# Another use for 3 in 1 oil



## Modlerbob (Feb 10, 2011)

To start with this post is in regard to 1/32 scale slot cars but it might apply to HO scale too.
I've seen posts on applying 3in1 oil to rear tires to gain traction ( it works, don't ask how but it works) and I have found another place to add it to decrease lap times. I put a drop on each braid and it reduces friction, at least on the steel rails on Scaley sport track. With several of my cars I ran several laps before treating the braid to establish lap times and then added the oil. In every case the lap time dropped at least 2 tenths and in some cases almost half a second. I think it also helps keep the rails from oxidizing and it seems to reduce the wear on the braids, especially the Scaley braid on their quick change guides.


----------



## 440 (Feb 23, 2008)

That's good to know. I was actually looking at it this weekend at Lowe's trying to figure out if I had a use for it or not.

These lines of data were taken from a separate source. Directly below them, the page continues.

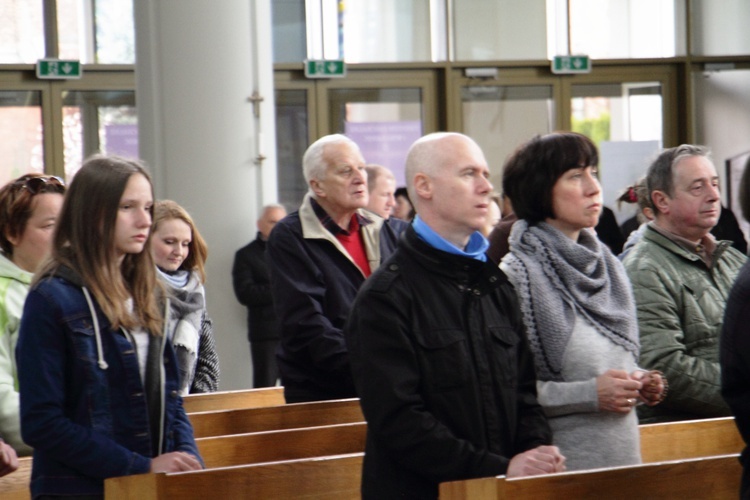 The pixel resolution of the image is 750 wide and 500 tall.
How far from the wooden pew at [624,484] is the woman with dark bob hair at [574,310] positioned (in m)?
0.20

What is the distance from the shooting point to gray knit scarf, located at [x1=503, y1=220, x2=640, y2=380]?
316 cm

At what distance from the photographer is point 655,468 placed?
116 inches

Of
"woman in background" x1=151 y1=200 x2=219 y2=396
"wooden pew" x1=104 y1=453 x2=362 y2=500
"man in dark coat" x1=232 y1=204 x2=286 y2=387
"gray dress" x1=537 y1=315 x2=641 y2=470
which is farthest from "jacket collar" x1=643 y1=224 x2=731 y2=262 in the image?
"man in dark coat" x1=232 y1=204 x2=286 y2=387

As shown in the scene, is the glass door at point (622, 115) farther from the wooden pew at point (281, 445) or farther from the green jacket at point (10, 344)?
the green jacket at point (10, 344)

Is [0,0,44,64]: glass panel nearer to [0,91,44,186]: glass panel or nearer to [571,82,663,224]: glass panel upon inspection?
[0,91,44,186]: glass panel

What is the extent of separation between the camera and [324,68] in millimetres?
12555

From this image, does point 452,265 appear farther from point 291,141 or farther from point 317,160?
point 291,141

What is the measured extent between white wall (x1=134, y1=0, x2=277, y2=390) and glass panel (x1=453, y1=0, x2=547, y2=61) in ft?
15.9

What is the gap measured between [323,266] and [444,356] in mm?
1732

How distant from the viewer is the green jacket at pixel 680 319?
370 cm

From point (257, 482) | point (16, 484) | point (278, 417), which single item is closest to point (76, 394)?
point (257, 482)

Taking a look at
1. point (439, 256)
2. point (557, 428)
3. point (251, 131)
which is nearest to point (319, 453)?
point (557, 428)

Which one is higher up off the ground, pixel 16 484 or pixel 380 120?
pixel 380 120

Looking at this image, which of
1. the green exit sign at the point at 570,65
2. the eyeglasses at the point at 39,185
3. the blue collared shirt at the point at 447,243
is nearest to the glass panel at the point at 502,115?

I may actually still find a use for it.


----------



## dhamby123 (Jan 6, 2007)

oil is not good on braids rem. it is a barrier. look for stuff called voodoo drops its a 1/24th product but is a super thin green liquid used on briad and brushes works great and keeps braid clean .


----------



## slotking (May 27, 2008)

depends of if the oil is conductive or not
not sure about 3n1


----------



## Sir Slotsalot (Jan 23, 2010)

If you are looking for *conductive* cleaners & lubes, try Aero-Car's:

Conducta Lube Comm Cleaner/Conditioner
and
Slot Rail & Braid Cleaner/Conditioner

Both are highly conductive and greatly improve performance.

Available at Slot Car Express featuring a 10% discount for HT members.


----------



## twolff (May 11, 2007)

We used to use a red oil as a braid dressing when I ran 1/24th scale. I'm fairly sure it was automatic transmission fluid.


----------



## SuperFist (Aug 7, 2005)

dhamby123 said:


> oil is not good on braids rem. it is a barrier. look for stuff called voodoo drops its a 1/24th product but is a super thin green liquid used on briad and brushes works great and keeps braid clean .

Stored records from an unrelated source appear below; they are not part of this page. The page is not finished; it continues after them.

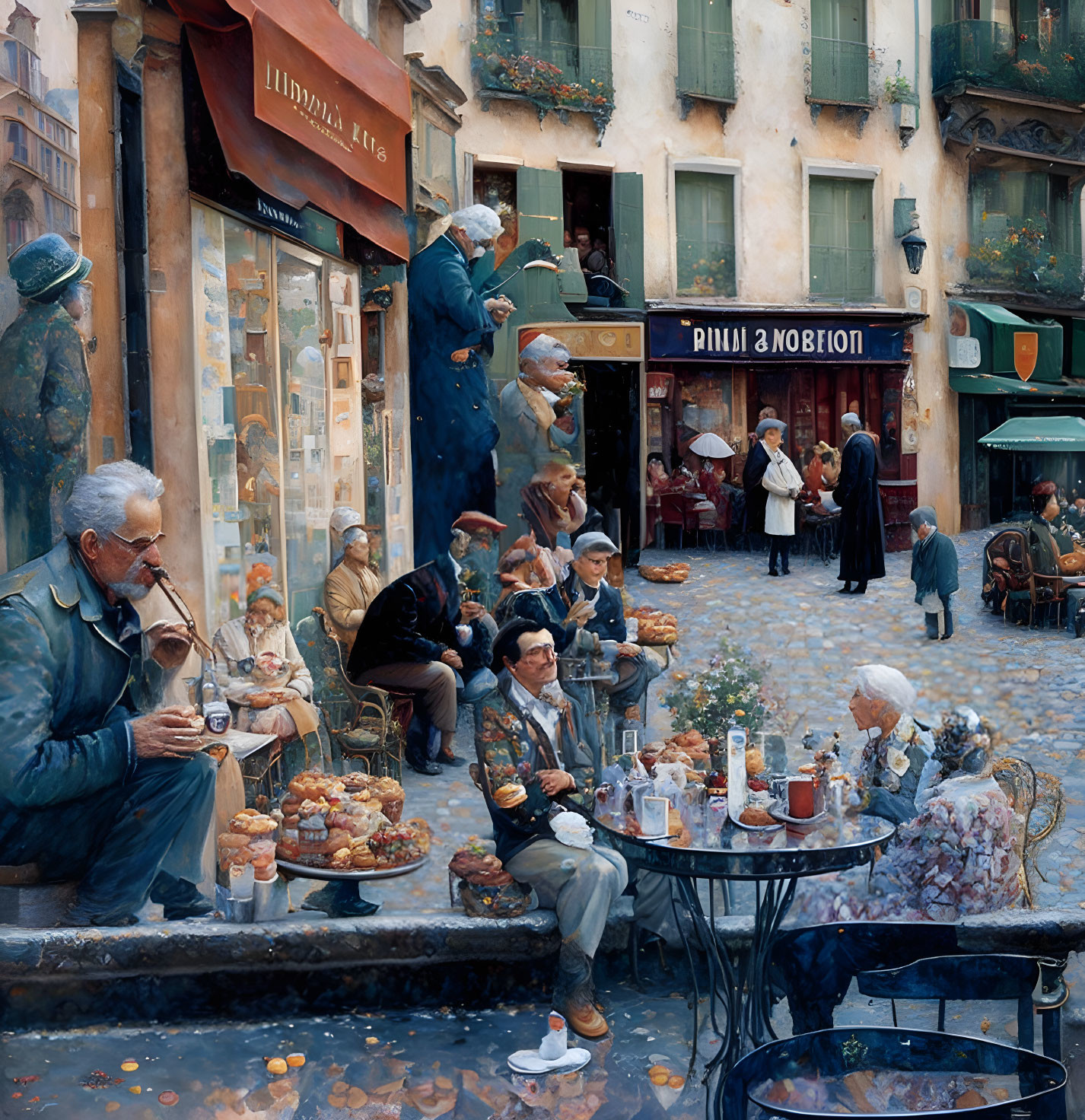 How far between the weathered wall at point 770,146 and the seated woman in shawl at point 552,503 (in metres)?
0.85

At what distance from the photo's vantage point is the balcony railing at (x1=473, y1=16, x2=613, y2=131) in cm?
571

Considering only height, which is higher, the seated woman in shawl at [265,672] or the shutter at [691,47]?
the shutter at [691,47]

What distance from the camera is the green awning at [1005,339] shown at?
19.6ft

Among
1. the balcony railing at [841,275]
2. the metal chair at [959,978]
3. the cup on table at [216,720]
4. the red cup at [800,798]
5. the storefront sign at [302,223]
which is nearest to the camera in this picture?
the metal chair at [959,978]

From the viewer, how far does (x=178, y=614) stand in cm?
510

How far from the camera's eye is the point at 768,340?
5.93 m

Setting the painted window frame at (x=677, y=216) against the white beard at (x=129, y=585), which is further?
the painted window frame at (x=677, y=216)

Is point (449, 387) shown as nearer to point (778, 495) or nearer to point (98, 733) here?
point (778, 495)

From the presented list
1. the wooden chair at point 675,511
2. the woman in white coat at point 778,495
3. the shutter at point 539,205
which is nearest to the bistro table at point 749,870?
the woman in white coat at point 778,495

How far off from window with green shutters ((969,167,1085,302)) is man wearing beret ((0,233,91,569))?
3.65 metres

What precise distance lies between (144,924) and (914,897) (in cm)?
272

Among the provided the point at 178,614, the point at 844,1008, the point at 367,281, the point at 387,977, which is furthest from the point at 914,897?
the point at 367,281

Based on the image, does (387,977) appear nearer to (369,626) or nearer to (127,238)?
(369,626)

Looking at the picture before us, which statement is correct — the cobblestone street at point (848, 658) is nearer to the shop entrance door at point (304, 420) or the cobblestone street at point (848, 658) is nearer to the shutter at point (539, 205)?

Yes, Slick 7 Voodoo is the best for braids. They do stay clean.
That's all I use.

__________________


----------



## Sir Slotsalot (Jan 23, 2010)

Bob,

Just want to share my experience and be a help to you. If you are running rubber tires, Wurth makes a rubber preservative gel that works fantastic but pricey. I use it on stock rubber tires for both HO and 1/43 SCX and Carrera cars. You can get it at most auto parts stores. Here's the link to explain how it works.
http://www.autogeek.net/wurth-rubber-care.html

Another good rubber tire dressing is Castor Oil which is safe for rubber and available at any drug store. It hydrates and preserves rubber and most of all, it is cheap. I may switch to that when my Wurth rubber dressing gel runs out.

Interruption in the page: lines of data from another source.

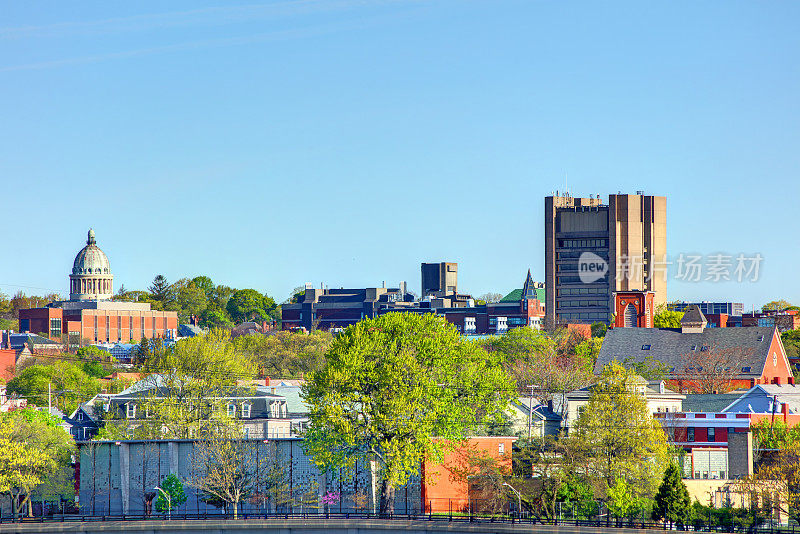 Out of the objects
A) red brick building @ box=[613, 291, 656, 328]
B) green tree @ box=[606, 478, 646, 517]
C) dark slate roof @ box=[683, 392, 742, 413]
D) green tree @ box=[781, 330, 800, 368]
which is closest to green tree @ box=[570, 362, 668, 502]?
green tree @ box=[606, 478, 646, 517]

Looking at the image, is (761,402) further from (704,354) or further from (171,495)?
(171,495)

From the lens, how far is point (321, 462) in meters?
86.4

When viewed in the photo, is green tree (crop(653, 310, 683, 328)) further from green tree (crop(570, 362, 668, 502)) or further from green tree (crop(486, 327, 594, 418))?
green tree (crop(570, 362, 668, 502))

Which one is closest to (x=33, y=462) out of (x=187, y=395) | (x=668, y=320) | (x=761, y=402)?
(x=187, y=395)

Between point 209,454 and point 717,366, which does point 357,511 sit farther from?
point 717,366

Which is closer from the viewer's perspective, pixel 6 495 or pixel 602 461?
pixel 602 461

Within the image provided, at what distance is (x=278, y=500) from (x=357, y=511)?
18.0 ft

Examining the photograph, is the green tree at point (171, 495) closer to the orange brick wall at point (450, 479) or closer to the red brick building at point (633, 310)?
the orange brick wall at point (450, 479)

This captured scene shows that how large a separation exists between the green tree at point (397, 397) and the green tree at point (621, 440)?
22.1 feet

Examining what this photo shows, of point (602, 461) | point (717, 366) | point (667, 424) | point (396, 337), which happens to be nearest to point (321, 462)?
point (396, 337)

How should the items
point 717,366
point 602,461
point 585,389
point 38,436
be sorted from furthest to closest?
point 717,366 < point 585,389 < point 38,436 < point 602,461

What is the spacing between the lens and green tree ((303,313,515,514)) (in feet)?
285

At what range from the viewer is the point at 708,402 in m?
115

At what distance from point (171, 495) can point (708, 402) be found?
48359 millimetres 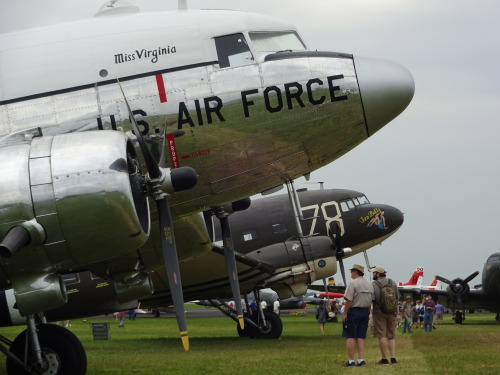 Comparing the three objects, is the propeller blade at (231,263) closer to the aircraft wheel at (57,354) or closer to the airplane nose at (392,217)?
the aircraft wheel at (57,354)

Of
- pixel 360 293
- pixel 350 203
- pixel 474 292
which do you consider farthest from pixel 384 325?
pixel 474 292

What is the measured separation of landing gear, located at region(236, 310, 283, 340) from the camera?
27.0 m

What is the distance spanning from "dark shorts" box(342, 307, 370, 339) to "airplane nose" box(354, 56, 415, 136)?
11.0 feet

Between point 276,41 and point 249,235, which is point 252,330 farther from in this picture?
point 276,41

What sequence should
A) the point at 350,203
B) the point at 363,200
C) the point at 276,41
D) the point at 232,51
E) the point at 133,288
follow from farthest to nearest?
the point at 363,200 < the point at 350,203 < the point at 276,41 < the point at 133,288 < the point at 232,51

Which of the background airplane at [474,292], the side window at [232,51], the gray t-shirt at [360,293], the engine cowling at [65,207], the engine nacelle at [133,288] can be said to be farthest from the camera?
the background airplane at [474,292]

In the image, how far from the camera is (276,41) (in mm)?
15141

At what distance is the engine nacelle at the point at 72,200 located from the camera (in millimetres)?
11992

BTW, petroleum base oils deteriorate rubber pretty quick. I'm not bashing 3-in-1 oil or your ideas, just trying to help you save your tires from an ill fate.


----------



## RACERMAN (Nov 1, 2007)

I've used diesel fuel conditoner for over 30 years. It comes in red or brown colors. I use to sell it in my shop. It's the best!
GARY


----------